(TRY IT)
Starting with the line that holds "INGCO ingco& ingco tool& screwdriver", reproduce each line through the last one of the data, exactly as written. Pictures are not copied.
(INPUT MATERIAL)
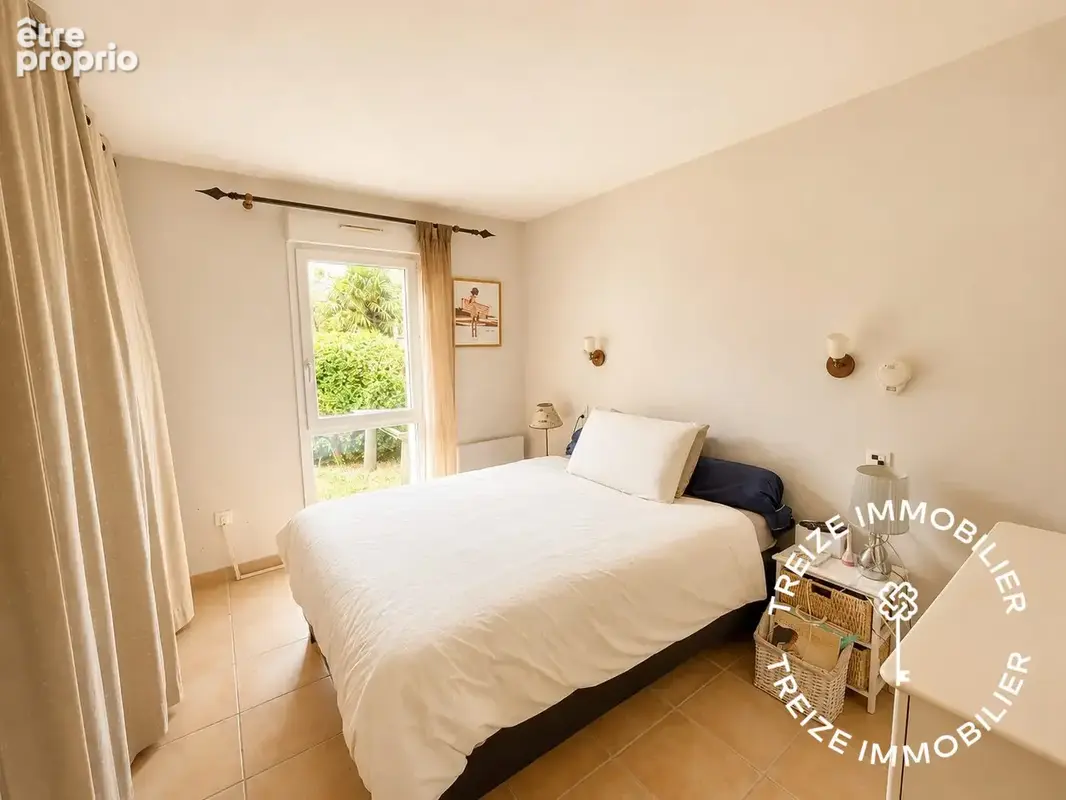 Maison 4 pièces 70 m² à vendre à Vannes (56000) - photo 7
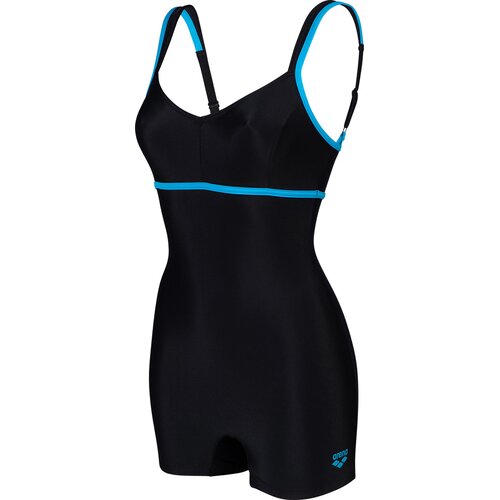 DAMEN BADEANZUG W VENUS COMBI R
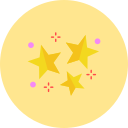 estrella icon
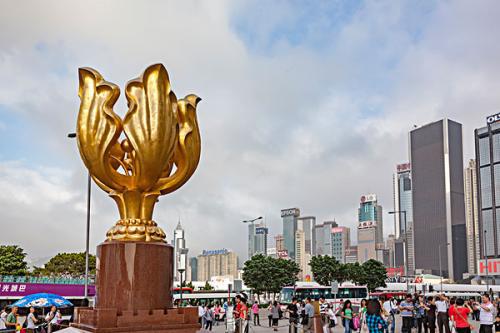 “2024澳门全景免费金钥匙，热门图库解析_独家TGV731.28”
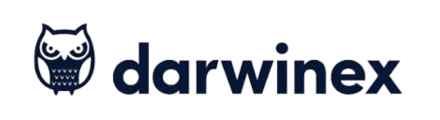 Darwinex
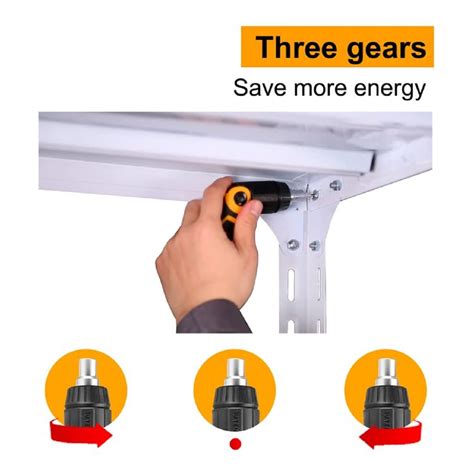 INGCO ingco& ingco tool& screwdriver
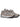 Sneaker Uomo New Balance - Made In Uk 991V2 - Grigio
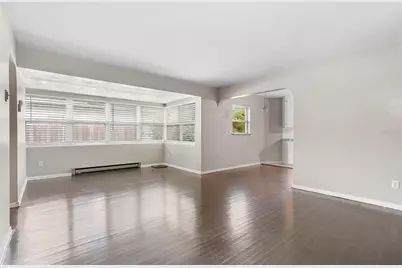 4711 Eggleston Avenue, Orlando, FL 32804 - Photo 57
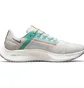 Кроссовки женские Nike AIR ZOOM PEGASUS 38 MFS DC4566-100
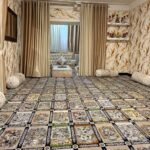 WhatsApp Image 2025-12-21 at 15.10.50 (1)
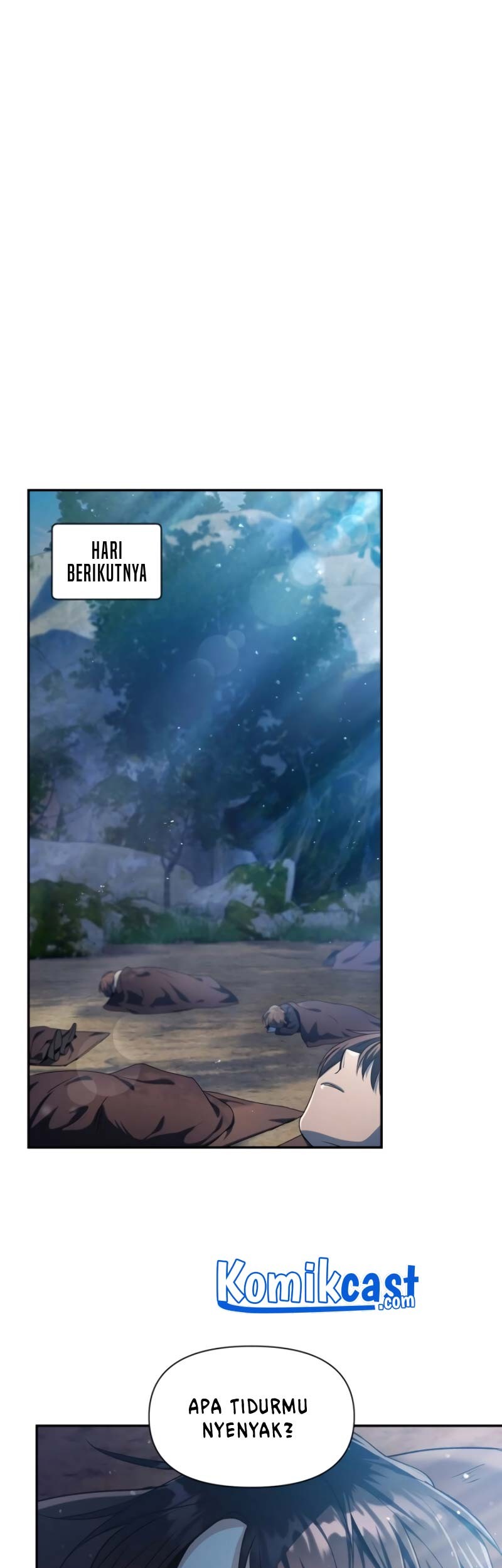 Chapter 4 - halaman 35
(End INPUT MATERIAL)
(TASK SOLUTION)
 INGCO ingco& ingco tool& screwdriver
 Sneaker Uomo New Balance - Made In Uk 991V2 - Grigio
 4711 Eggleston Avenue, Orlando, FL 32804 - Photo 57
 Кроссовки женские Nike AIR ZOOM PEGASUS 38 MFS DC4566-100
 WhatsApp Image 2025-12-21 at 15.10.50 (1)
 Chapter 4 - halaman 35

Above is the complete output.